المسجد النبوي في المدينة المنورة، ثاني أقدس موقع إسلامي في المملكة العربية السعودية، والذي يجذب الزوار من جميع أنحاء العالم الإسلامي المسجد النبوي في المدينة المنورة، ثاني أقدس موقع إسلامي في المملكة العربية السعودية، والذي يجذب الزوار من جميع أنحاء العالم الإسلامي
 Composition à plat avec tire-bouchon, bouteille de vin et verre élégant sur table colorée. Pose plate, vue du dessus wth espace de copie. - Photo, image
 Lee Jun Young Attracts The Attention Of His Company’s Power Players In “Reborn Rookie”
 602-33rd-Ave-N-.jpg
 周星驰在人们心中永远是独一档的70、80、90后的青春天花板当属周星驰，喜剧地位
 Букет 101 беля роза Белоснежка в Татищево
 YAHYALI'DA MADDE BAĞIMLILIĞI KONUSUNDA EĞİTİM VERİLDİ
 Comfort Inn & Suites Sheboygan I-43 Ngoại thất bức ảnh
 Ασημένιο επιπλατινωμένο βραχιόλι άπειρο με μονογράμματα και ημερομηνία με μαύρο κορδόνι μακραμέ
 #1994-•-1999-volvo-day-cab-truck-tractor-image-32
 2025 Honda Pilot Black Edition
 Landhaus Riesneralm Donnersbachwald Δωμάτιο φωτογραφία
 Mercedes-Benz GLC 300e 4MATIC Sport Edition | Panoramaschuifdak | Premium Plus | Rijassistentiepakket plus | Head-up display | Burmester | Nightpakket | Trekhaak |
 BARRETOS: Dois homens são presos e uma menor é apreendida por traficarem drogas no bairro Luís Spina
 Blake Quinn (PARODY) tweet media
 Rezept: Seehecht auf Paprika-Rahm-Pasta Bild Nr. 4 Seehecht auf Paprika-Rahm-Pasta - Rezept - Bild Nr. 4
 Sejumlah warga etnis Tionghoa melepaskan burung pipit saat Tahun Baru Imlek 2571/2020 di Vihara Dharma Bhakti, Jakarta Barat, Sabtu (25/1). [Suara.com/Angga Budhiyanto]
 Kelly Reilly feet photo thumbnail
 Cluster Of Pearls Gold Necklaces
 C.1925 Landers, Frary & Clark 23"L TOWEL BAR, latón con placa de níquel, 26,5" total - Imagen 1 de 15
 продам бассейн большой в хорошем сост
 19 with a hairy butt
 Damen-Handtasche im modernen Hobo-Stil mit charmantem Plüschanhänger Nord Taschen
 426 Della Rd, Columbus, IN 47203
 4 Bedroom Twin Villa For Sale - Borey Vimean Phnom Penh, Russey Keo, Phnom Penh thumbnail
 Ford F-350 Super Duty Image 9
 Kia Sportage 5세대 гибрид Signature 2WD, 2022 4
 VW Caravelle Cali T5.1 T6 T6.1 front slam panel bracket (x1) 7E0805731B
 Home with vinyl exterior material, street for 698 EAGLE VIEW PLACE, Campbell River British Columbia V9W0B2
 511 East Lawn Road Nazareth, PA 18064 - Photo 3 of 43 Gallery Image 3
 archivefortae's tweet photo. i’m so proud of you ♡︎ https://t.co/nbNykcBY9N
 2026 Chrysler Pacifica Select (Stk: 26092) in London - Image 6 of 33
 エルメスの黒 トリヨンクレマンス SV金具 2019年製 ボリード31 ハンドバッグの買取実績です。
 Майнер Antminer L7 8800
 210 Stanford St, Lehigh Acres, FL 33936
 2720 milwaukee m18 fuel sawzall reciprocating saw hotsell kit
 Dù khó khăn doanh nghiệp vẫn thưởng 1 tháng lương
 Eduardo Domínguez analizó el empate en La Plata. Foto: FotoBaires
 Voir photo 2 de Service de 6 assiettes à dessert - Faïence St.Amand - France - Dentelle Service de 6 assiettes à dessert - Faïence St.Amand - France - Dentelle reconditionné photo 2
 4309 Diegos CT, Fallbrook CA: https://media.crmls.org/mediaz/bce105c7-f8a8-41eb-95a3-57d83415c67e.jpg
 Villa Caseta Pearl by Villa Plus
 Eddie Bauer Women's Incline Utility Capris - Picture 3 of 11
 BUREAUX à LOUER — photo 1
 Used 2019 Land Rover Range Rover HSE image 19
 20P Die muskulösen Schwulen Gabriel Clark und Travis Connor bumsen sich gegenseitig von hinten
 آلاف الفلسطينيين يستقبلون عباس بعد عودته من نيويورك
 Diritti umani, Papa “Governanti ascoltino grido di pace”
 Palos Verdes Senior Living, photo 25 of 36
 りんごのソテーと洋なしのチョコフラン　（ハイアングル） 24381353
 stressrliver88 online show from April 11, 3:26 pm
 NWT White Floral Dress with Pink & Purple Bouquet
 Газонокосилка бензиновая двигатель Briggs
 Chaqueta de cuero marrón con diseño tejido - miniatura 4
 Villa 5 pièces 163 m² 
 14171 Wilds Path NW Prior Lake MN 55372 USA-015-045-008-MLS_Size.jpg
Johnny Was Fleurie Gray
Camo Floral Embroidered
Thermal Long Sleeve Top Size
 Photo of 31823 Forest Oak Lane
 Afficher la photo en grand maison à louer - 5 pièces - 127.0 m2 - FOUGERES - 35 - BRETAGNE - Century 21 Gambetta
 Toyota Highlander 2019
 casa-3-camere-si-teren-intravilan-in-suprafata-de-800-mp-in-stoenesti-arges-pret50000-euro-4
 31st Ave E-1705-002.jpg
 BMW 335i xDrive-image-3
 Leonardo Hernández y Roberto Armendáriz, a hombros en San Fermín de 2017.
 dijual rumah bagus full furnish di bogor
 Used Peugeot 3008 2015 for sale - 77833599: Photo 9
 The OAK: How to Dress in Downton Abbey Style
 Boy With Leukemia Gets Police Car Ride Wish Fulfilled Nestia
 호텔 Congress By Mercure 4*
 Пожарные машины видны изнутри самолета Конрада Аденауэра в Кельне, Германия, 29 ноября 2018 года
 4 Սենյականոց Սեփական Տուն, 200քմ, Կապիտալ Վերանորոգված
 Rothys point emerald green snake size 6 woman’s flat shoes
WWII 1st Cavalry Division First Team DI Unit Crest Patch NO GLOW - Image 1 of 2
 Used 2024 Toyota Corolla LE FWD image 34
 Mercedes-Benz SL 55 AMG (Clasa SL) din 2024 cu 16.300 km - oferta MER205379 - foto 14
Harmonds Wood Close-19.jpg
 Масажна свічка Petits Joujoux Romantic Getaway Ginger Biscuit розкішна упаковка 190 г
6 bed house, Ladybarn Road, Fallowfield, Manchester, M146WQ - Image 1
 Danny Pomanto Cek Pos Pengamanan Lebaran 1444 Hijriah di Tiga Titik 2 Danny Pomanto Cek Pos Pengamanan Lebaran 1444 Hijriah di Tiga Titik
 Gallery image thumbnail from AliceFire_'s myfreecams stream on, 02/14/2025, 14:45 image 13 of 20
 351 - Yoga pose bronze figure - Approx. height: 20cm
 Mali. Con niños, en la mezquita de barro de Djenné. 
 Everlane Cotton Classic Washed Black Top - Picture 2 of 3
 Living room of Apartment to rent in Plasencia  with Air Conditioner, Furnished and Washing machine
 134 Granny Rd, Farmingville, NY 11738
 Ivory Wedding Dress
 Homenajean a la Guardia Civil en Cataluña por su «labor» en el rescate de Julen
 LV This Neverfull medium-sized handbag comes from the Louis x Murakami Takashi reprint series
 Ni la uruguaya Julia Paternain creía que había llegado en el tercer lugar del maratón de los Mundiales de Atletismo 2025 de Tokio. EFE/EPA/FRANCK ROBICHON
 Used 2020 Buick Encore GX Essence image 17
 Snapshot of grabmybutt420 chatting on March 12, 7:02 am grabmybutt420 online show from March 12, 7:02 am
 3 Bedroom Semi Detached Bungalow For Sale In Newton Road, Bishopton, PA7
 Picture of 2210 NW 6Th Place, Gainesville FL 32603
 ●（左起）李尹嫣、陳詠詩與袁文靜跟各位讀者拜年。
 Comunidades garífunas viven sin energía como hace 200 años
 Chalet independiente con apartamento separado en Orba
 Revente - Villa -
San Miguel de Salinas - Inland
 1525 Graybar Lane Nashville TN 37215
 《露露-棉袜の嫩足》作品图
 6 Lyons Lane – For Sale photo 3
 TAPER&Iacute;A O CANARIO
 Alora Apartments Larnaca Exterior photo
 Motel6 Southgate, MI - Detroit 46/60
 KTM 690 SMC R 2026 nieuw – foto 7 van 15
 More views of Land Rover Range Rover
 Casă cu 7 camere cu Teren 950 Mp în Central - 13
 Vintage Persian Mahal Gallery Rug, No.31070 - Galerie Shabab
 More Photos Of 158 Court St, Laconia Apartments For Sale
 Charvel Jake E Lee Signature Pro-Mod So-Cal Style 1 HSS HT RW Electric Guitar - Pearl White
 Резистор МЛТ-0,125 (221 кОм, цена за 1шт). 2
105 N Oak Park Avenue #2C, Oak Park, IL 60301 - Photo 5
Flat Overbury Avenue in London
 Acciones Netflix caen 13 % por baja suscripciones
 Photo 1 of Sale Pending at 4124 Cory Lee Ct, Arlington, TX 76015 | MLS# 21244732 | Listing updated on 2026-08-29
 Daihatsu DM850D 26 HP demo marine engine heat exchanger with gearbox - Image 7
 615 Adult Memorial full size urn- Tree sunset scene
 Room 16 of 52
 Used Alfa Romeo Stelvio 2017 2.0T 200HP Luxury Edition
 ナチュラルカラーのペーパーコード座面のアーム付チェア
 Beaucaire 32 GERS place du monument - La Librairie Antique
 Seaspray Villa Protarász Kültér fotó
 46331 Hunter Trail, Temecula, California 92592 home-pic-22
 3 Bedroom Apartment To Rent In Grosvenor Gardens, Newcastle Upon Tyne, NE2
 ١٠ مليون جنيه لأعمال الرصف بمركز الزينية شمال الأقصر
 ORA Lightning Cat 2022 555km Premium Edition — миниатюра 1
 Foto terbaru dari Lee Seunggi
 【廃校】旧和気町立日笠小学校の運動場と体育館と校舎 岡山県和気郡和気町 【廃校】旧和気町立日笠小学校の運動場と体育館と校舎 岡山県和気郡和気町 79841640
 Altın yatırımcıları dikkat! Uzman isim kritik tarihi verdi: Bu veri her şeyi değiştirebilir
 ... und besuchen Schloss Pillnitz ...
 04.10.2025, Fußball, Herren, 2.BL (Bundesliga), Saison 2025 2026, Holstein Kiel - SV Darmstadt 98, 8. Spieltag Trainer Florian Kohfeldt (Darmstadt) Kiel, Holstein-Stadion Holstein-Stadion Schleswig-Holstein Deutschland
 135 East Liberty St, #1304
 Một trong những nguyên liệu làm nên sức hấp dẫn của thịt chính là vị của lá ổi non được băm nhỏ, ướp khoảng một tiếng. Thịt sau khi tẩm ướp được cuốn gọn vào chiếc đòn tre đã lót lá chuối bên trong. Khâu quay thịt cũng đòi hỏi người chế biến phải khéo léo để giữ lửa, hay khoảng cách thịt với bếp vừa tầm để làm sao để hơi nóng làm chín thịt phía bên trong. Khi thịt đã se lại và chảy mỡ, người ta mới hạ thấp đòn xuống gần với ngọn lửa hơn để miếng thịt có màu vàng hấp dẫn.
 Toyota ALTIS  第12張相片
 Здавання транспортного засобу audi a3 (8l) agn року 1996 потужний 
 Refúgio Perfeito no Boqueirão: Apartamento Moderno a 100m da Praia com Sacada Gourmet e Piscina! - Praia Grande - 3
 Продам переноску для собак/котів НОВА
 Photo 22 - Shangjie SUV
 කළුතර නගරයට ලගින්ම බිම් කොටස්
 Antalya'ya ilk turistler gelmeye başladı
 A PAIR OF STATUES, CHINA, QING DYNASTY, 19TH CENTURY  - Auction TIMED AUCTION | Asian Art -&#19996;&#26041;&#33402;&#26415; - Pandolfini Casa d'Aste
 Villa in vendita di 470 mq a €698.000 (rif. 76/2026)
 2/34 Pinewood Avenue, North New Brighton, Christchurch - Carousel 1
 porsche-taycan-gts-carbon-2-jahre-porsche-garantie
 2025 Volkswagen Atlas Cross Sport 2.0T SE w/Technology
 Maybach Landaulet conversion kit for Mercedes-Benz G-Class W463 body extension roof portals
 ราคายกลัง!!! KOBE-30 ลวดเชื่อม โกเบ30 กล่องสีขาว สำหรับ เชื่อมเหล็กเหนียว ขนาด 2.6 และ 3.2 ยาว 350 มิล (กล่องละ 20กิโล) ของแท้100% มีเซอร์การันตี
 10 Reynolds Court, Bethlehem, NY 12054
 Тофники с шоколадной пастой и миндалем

☆ ☆ ☆ ☆ ☆ ☆ ☆

- **Exercise prompt**
Given the data above, which lines hold the string "from"? Return them.

- **Reply**
 stressrliver88 online show from April 11, 3:26 pm
 Gallery image thumbnail from AliceFire_'s myfreecams stream on, 02/14/2025, 14:45 image 13 of 20
 LV This Neverfull medium-sized handbag comes from the Louis x Murakami Takashi reprint series
 Snapshot of grabmybutt420 chatting on March 12, 7:02 am grabmybutt420 online show from March 12, 7:02 am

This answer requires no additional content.